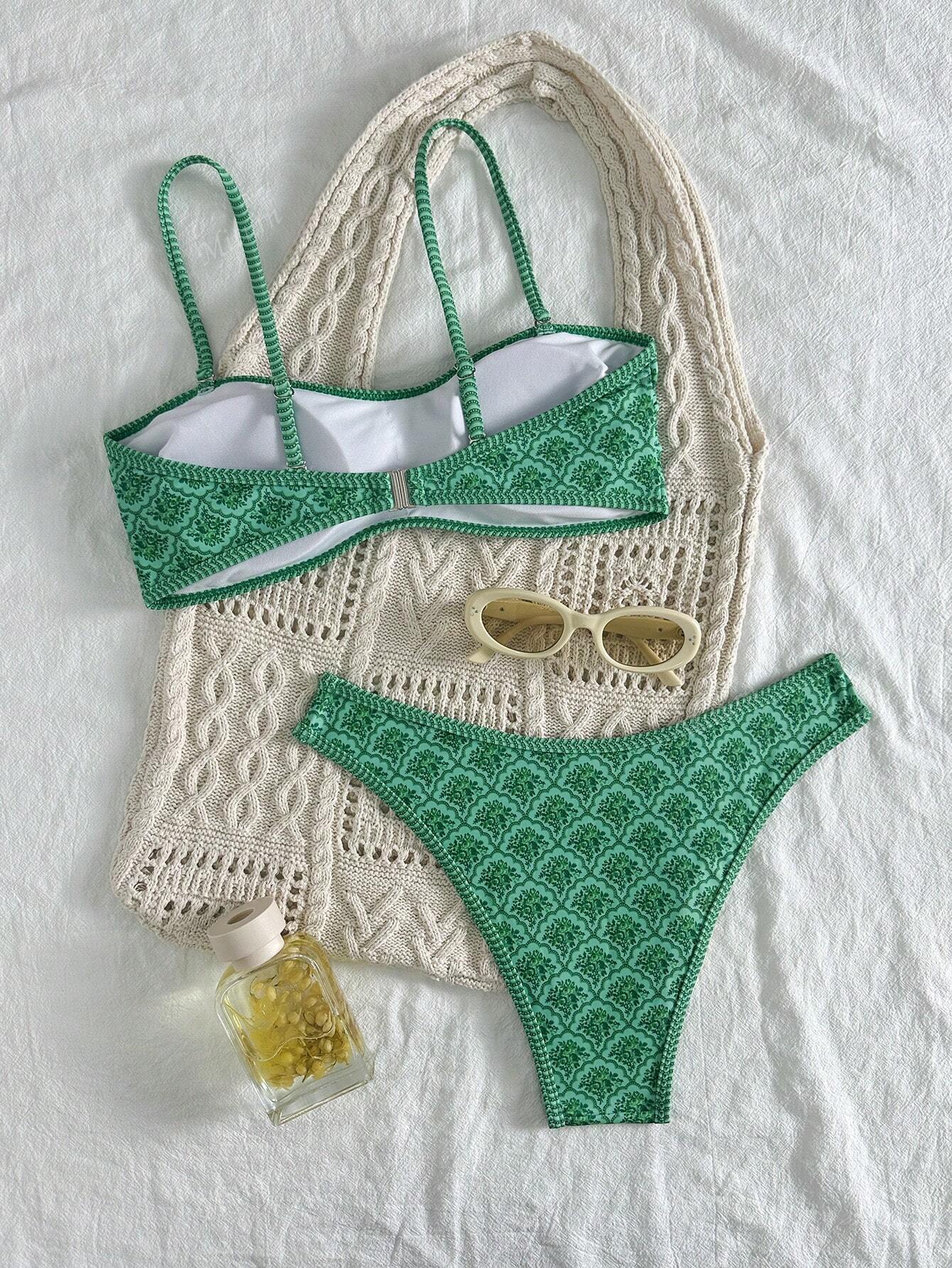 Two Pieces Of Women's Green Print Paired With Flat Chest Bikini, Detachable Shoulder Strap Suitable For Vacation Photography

________________________

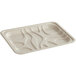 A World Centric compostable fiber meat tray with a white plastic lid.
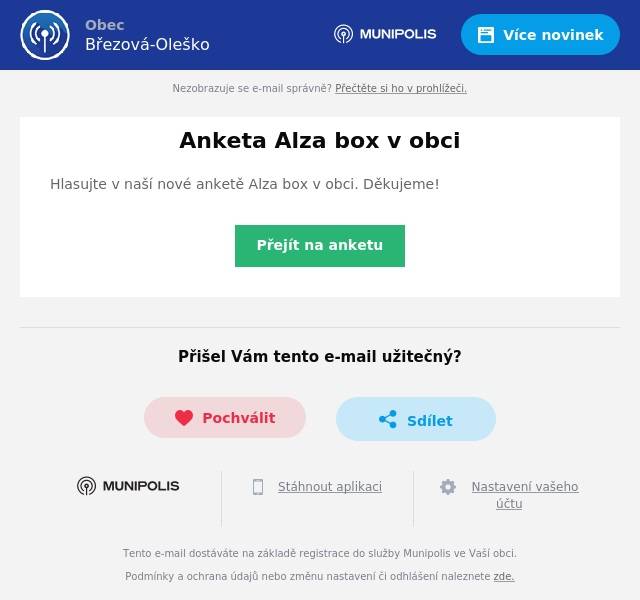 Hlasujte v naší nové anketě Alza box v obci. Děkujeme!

________________________

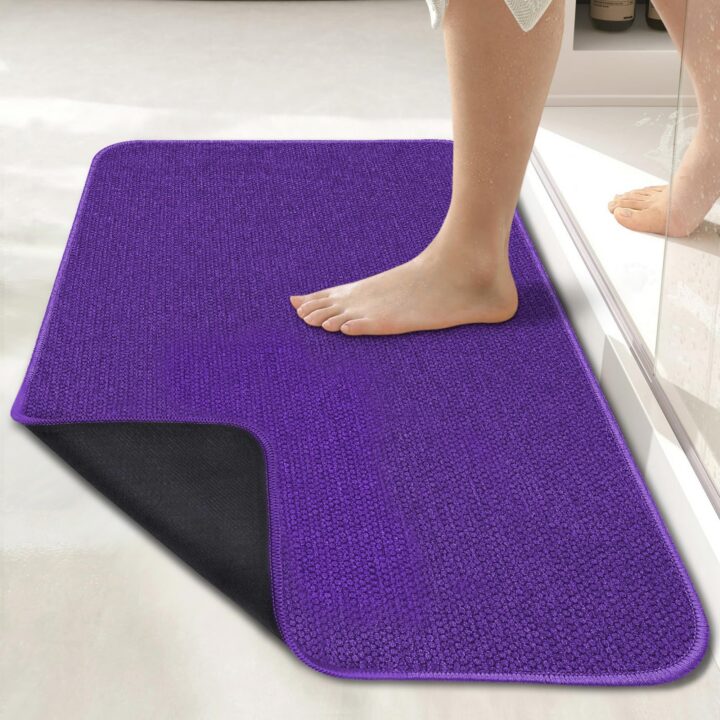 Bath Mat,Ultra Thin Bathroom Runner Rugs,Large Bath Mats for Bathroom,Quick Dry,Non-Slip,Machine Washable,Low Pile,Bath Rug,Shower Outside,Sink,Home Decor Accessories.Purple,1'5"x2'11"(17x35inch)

________________________

## The task
Look through the material above. Transcribe exactly the lines between the ones with "A World Centric" and "Hlasujte v naší", inclusive, and keep pictures out.

## Task solution
 A World Centric compostable fiber meat tray with a white plastic lid.
 Hlasujte v naší nové anketě Alza box v obci. Děkujeme!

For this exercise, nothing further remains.